• RECORDS SUPPLIED:
★ ★ ★ ★ ★

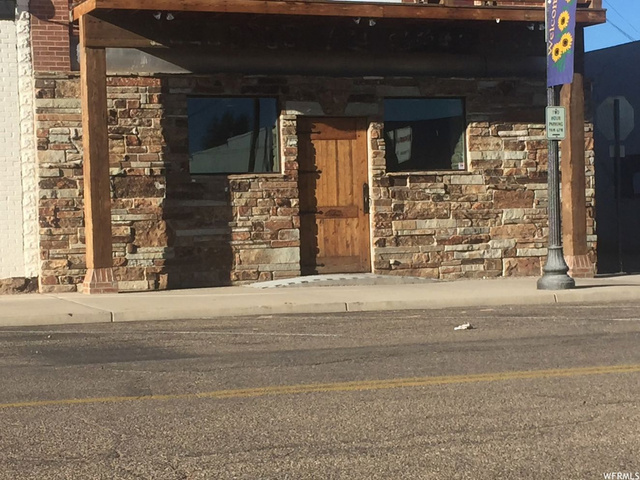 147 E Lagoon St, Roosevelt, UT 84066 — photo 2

★ ★ ★ ★ ★

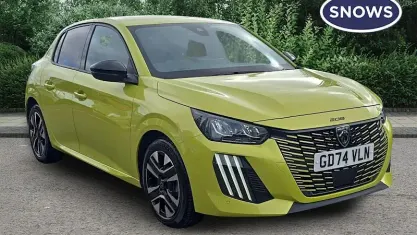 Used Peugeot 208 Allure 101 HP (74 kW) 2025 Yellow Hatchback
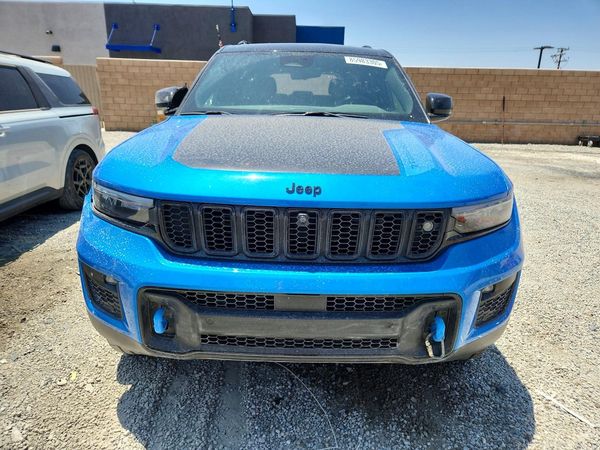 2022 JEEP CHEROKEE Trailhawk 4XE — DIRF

★ ★ ★ ★ ★

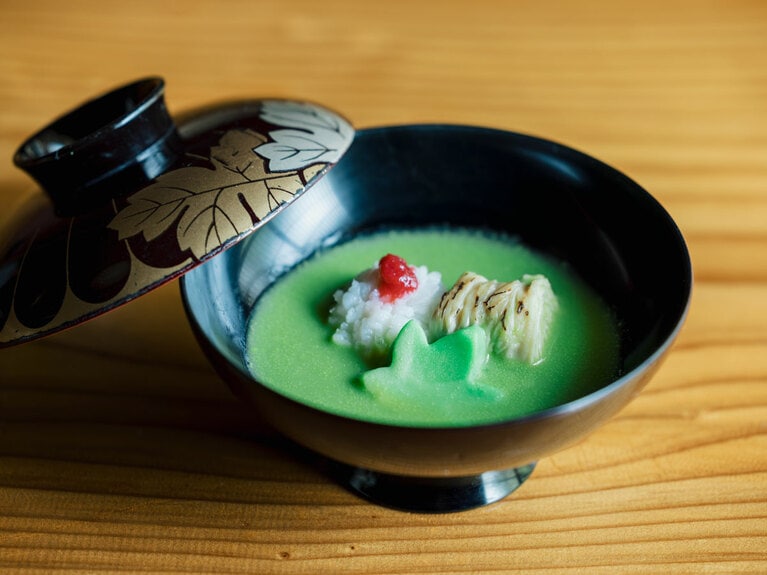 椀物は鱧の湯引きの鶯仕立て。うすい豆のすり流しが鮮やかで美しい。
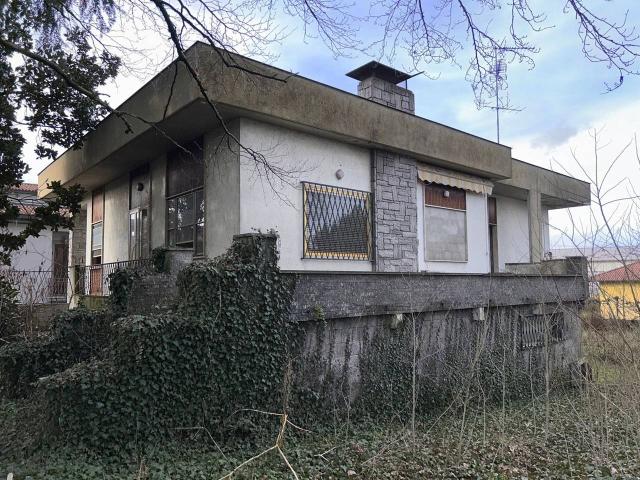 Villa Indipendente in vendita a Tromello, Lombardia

★ ★ ★ ★ ★

• REQUIRED WORK: What are the lines in the records above, word for word, from the one containing "椀物は鱧の湯引きの鶯仕立て。うすい豆のすり流しが鮮やかで美しい。" through the one containing "Villa Indipendente in", both ends included and pictures left out?

• RESPONSE FOR THIS EXERCISE:
 椀物は鱧の湯引きの鶯仕立て。うすい豆のすり流しが鮮やかで美しい。
 Villa Indipendente in vendita a Tromello, Lombardia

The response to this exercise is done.